SUPPLIED RECORDS:
* * * *

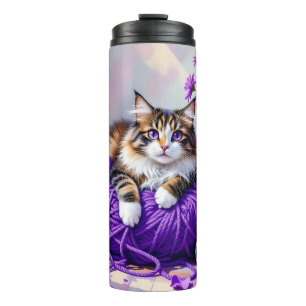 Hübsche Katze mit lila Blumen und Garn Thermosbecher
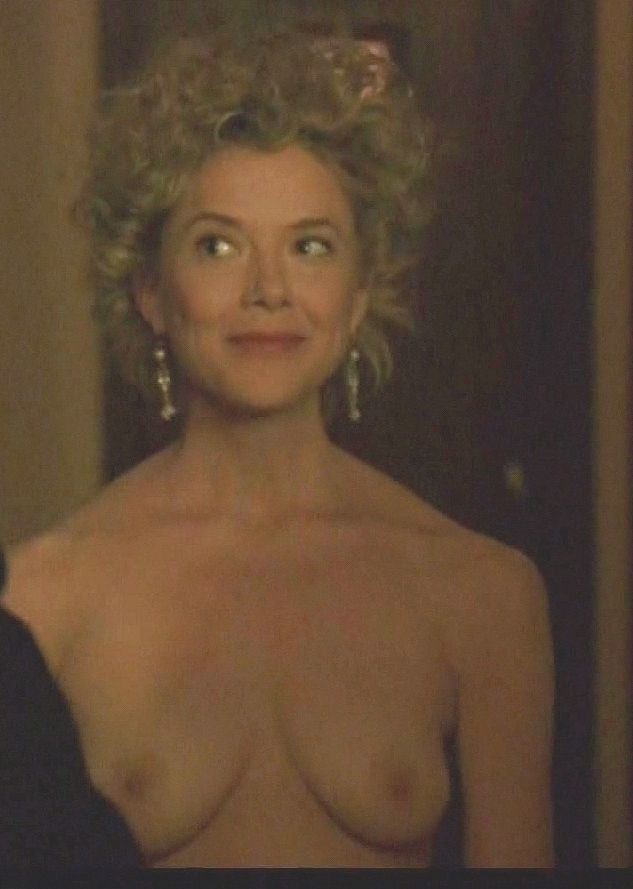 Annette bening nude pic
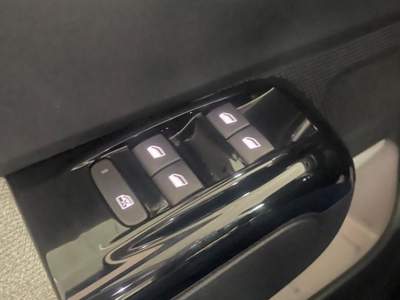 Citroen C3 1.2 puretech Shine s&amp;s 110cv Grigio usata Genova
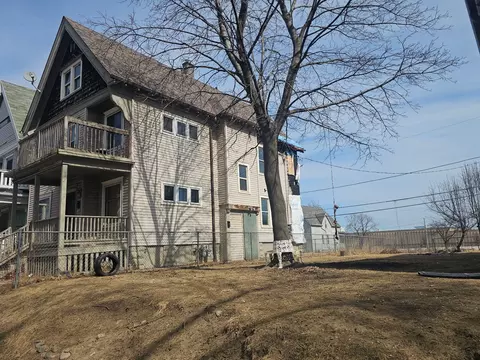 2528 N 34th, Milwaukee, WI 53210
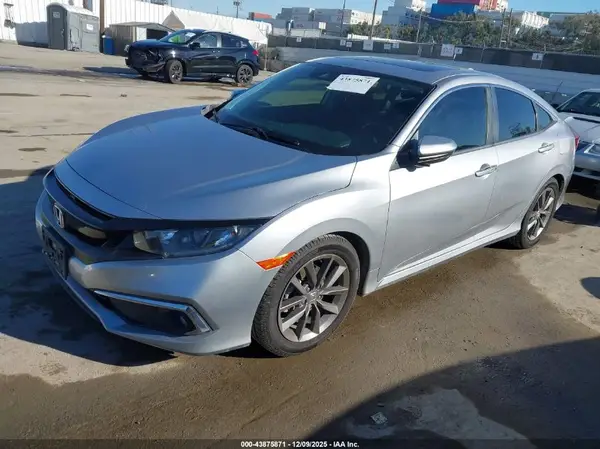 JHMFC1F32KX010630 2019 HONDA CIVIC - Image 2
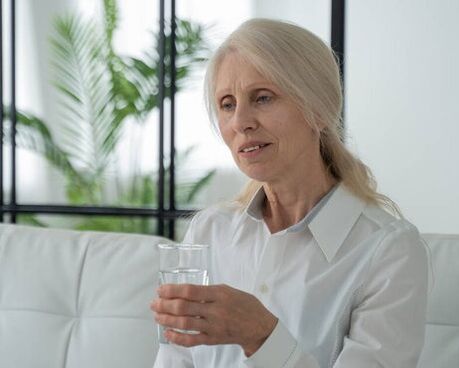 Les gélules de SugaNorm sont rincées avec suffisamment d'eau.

* * * *

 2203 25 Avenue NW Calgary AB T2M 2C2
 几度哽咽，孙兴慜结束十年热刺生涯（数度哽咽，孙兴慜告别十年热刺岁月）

* * * *

Restate word for word only the lines above from the line containing "2203 25 Avenue NW Calgary AB T2M 2C2" to the line containing "几度哽咽，孙兴慜结束十年热刺生涯（数度哽咽，孙兴慜告别十年热刺岁月）", both of them included.

EXERCISE RESULT:
 2203 25 Avenue NW Calgary AB T2M 2C2
 几度哽咽，孙兴慜结束十年热刺生涯（数度哽咽，孙兴慜告别十年热刺岁月）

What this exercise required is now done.